● Task objective:
With the pictures omitted, write out all of the listing exactly.

[Supplied information Boundary: Start]

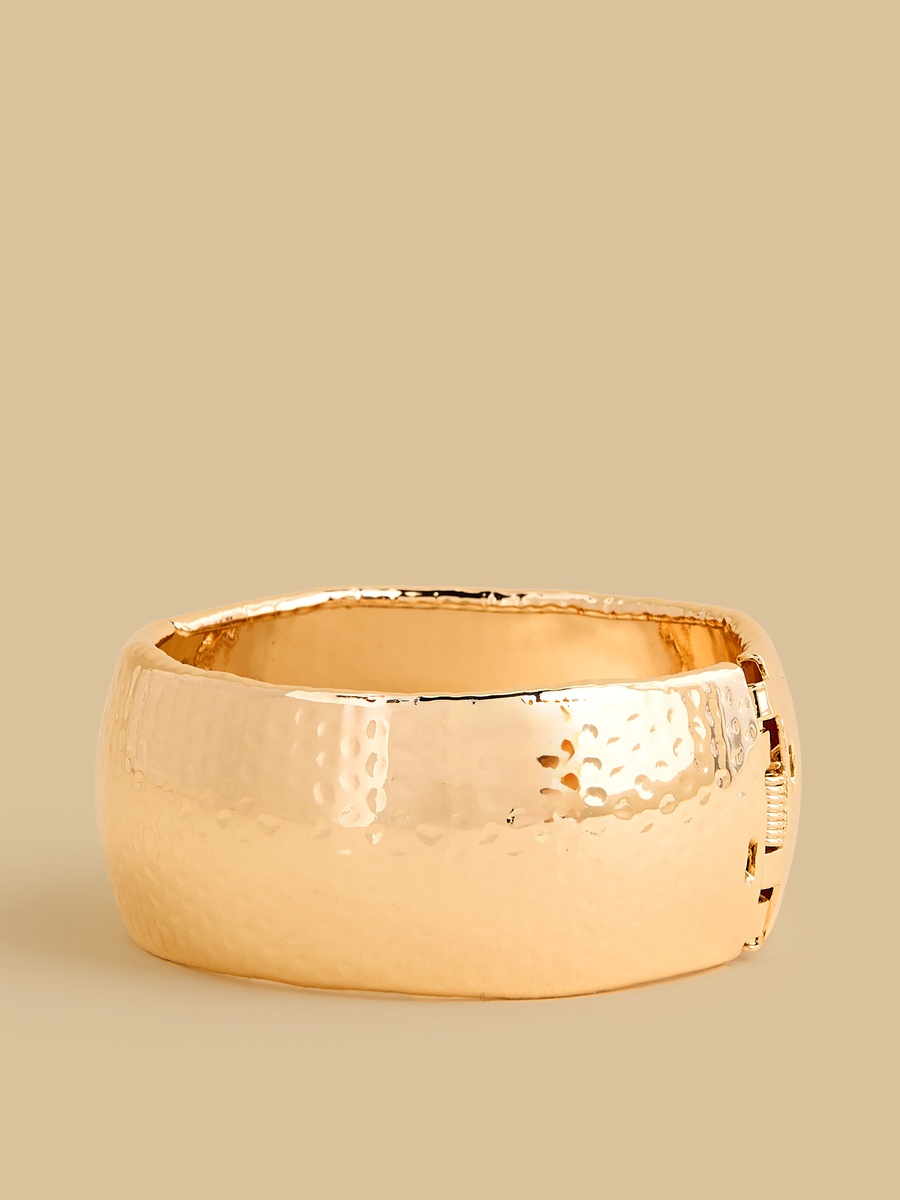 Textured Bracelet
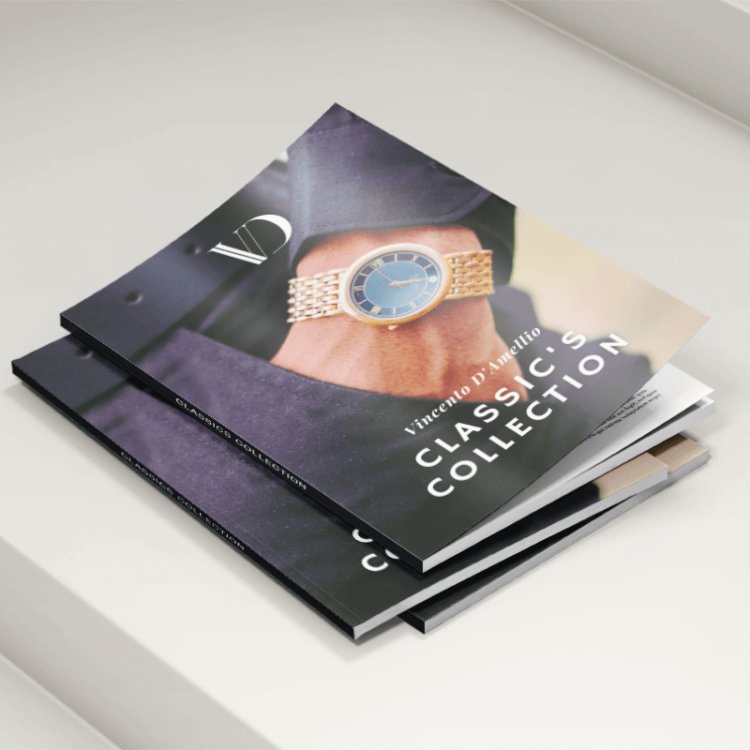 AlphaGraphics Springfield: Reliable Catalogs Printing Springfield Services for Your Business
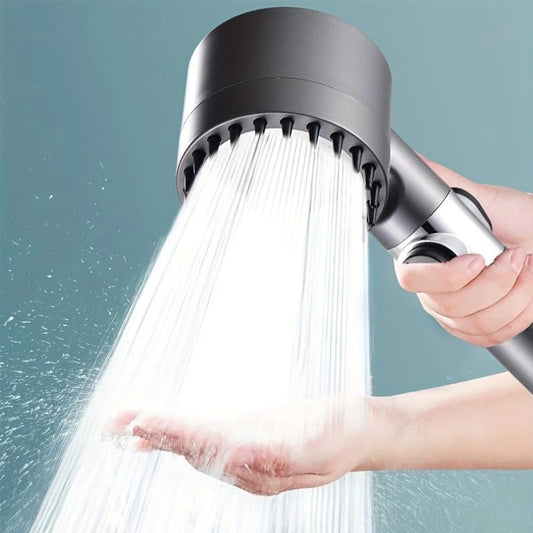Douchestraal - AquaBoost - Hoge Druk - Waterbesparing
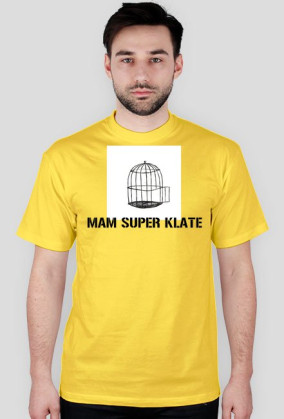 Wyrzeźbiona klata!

[Supplied information Boundary: End]

● Result:
 Textured Bracelet
 AlphaGraphics Springfield: Reliable Catalogs Printing Springfield Services for Your Business
Douchestraal - AquaBoost - Hoge Druk - Waterbesparing
 Wyrzeźbiona klata!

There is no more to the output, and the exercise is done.